Today, in this special epilogue, I look at an aspect of homelessness many people overlook…
The first week
The first meal I cooked in my new house – on the 24th February 2012 – was jacket potatoes with cheese and butter. Ever since I was a teenager, this has been a tradition of mine. Whenever I move into a new place, I cook myself my favourite meal in celebration. I used to do it when I moved rooms in my parent’s house. I indulged in it throughout my backpacking odyssey and in every new unit/home I’ve had since. Usually I would have a table to eat off. Usually I would have a plate and cutlery. But on this occasion, after moving into my new unit from homelessness, I had nothing. All I had were my hands; so consuming such a meal was a decidedly messy (though thoroughly enjoyable) experience.
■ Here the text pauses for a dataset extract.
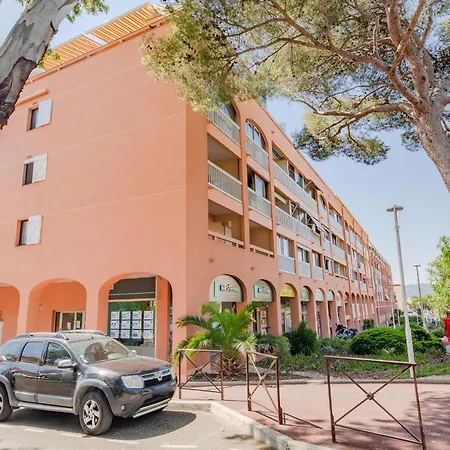 Appartamento Le Victoria-10 By Interhome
In fact, that first weekend, the only thing stopping people from realising I was homeless was that I had a roof over my head. I had nothing else. No furniture. No nick-knacks. No nothing. I didn’t even have electricity for the first 24 hours I was in my new home. All I did was sit on the floor, sleep on the floor and stare at the ceiling of my new abode. It wasn’t until the Monday after I moved in, five days of being in my new house, was I able to organise for some furniture for this next chapter of my life. Courtesy of a local charity, I was able to obtain a bed, sofa, table, fridge, portable cooler, crockery and cutlery, and moving these items into my new premises was a delightful and (dare I say) orgasmic experience.
No longer would I have to sleep on a hard surface wrapped in disheveled blankets. No longer would I have to sit on a carpeted stone floor. No longer would I have to eat my food like a mindless savage. I could live like other people did.
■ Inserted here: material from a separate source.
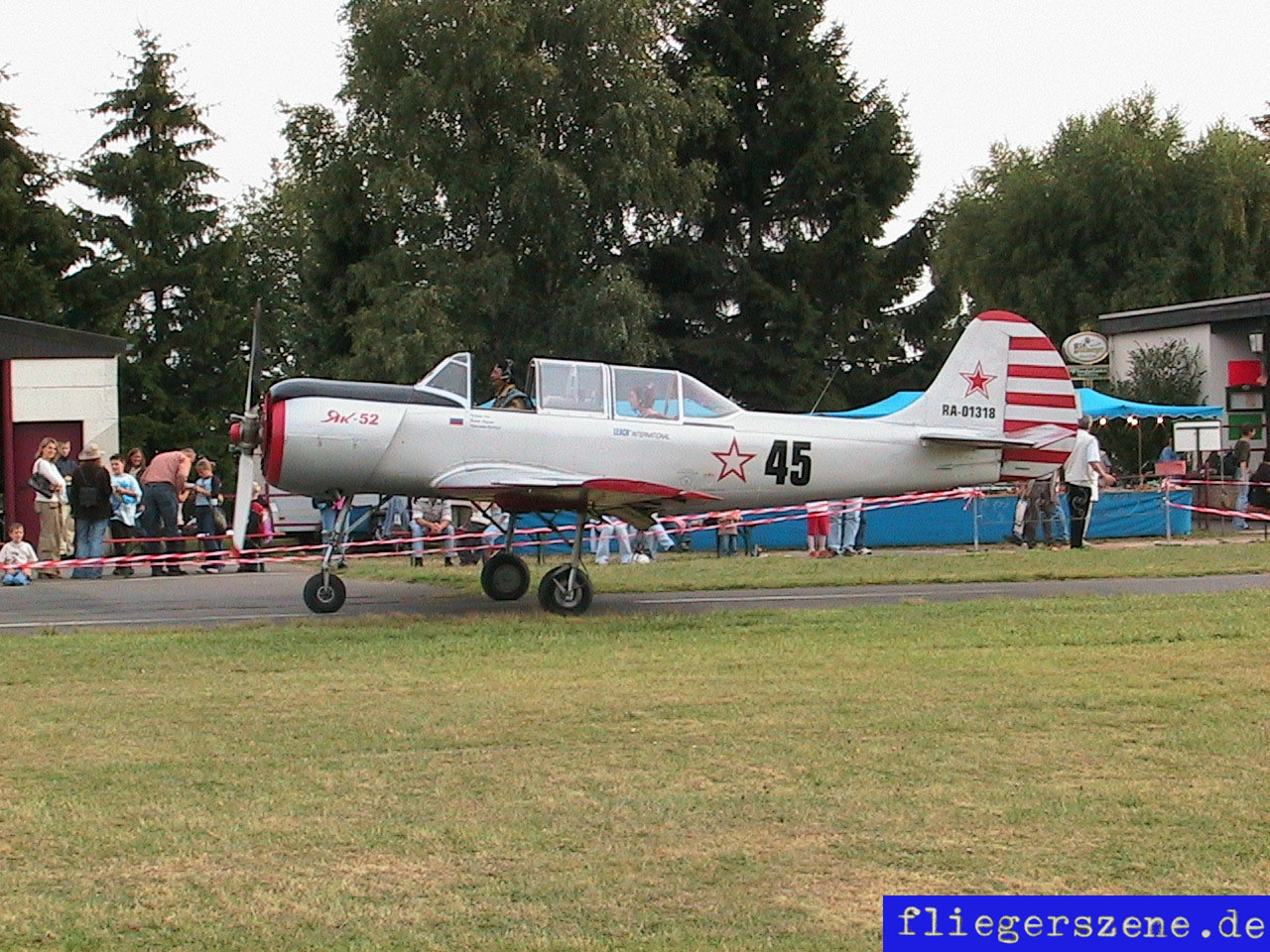 Die Yak-52 wurde von den Besuchern bestaunt. Pilot Patrick Behr (aus dem Elsa) zeigte Turnstunden der Spitzenklasse auf diesem klassischen russischen Militttrainer.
So why did I spend the next four weeks sleeping on the floor?
The mindset of a homeless man
I had been sleeping rough for nearly three years when I moved into my unit. My bed had been benches. My bed had been patches of grass beneath trees. My bed had been the cold hard concrete beside toilet blocks. All I had for comfort and security were my blankets. I had no mattress. I had no duvet. I had nothing that most people would associate with sleeping comfortably. And throughout it all, complete strangers to me, random people on the street, had continuously hurled comment after critique after insult at me; they had abused me into believing I didn’t deserve to have any of the comforts most ‘normal’ people take for granted. So when I moved into my unit, when I gained a bed that I should have been overjoyed to sleep in, I wasn’t able to enjoy the comfort. I felt I needed to be punished. I felt I didn’t deserve to have a bed. So I didn’t sleep in it.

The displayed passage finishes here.